*TASK INPUT:*
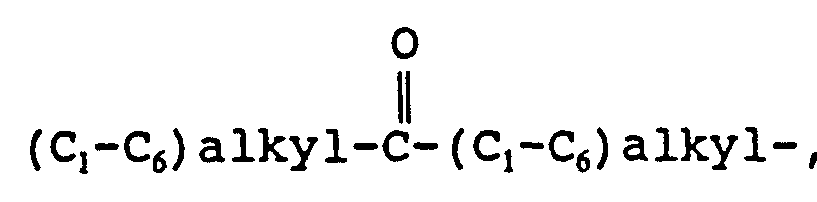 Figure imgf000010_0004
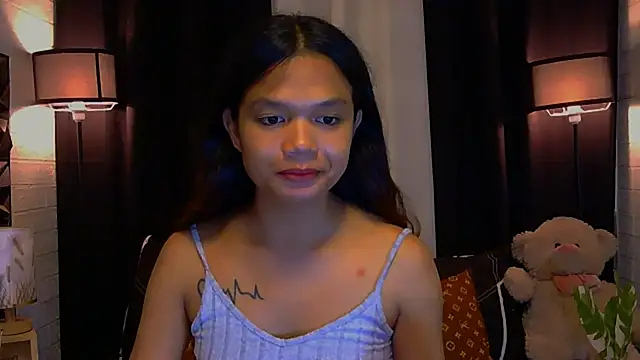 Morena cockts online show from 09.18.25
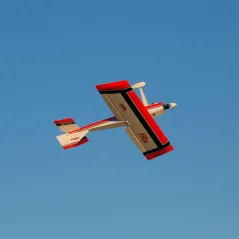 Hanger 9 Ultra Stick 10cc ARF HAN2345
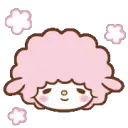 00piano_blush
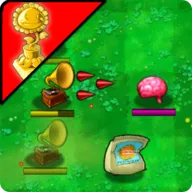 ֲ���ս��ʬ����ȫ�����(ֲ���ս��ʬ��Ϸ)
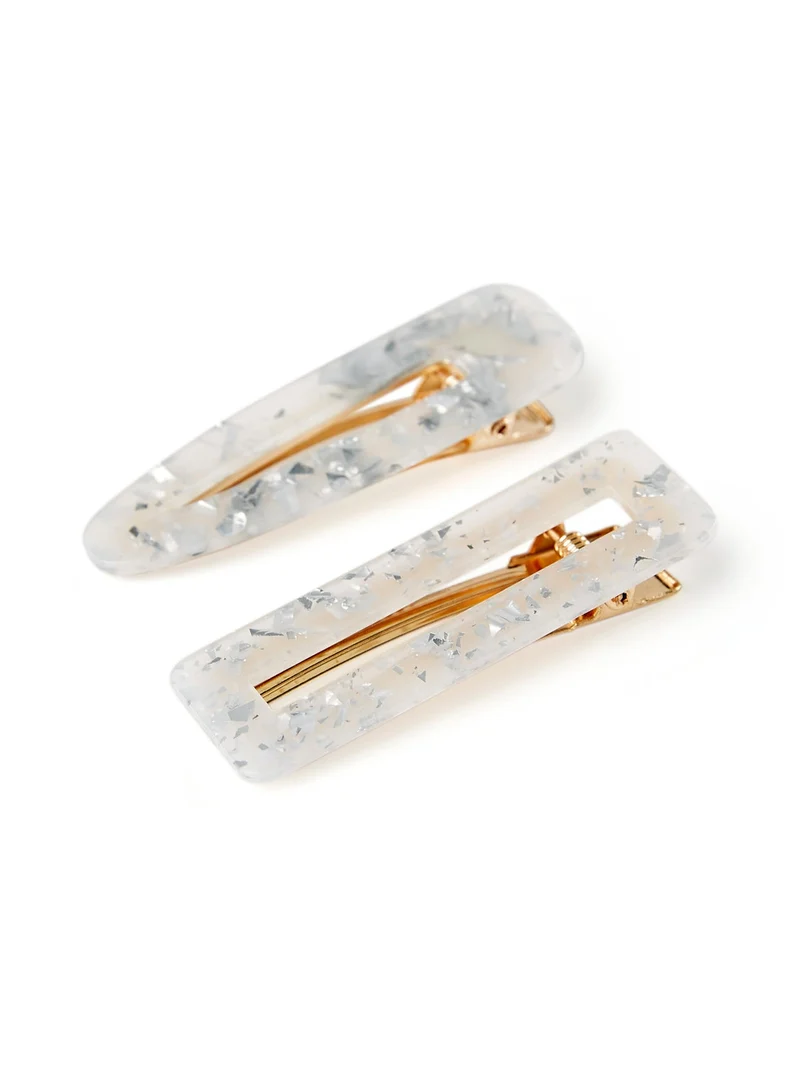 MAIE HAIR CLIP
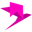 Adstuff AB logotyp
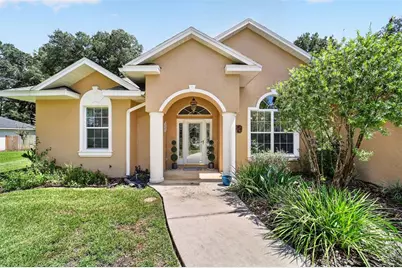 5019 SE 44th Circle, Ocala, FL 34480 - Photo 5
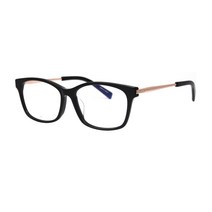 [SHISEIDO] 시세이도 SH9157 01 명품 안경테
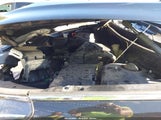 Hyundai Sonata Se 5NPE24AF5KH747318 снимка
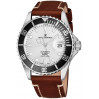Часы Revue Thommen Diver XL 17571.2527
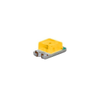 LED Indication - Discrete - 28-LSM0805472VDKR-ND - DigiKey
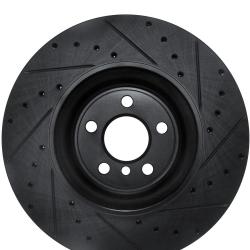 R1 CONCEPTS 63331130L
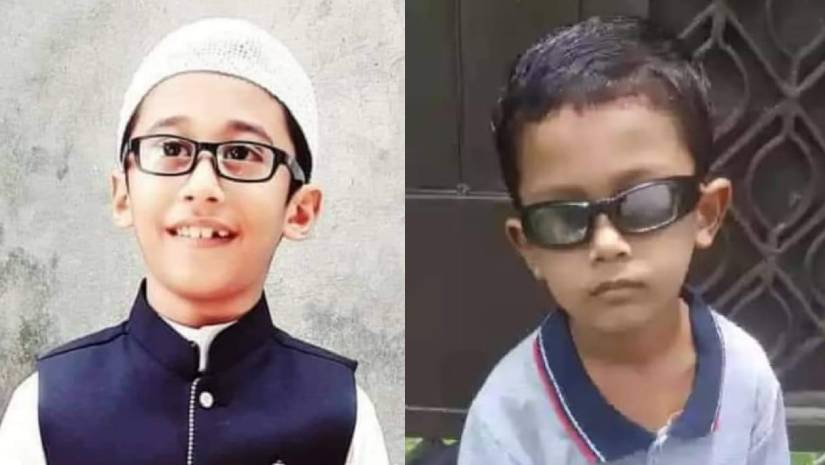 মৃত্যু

*WHAT YOU ARE ASKED TO DO:* Skip the pictures, then return the rest of the data exactly.

*ANSWER BOX:*
 Figure imgf000010_0004
 Morena cockts online show from 09.18.25
 Hanger 9 Ultra Stick 10cc ARF HAN2345
 00piano_blush
 ֲ���ս��ʬ����ȫ�����(ֲ���ս��ʬ��Ϸ)
 MAIE HAIR CLIP
 Adstuff AB logotyp
 5019 SE 44th Circle, Ocala, FL 34480 - Photo 5
 [SHISEIDO] 시세이도 SH9157 01 명품 안경테
 Hyundai Sonata Se 5NPE24AF5KH747318 снимка
Часы Revue Thommen Diver XL 17571.2527
 LED Indication - Discrete - 28-LSM0805472VDKR-ND - DigiKey
 R1 CONCEPTS 63331130L
 মৃত্যু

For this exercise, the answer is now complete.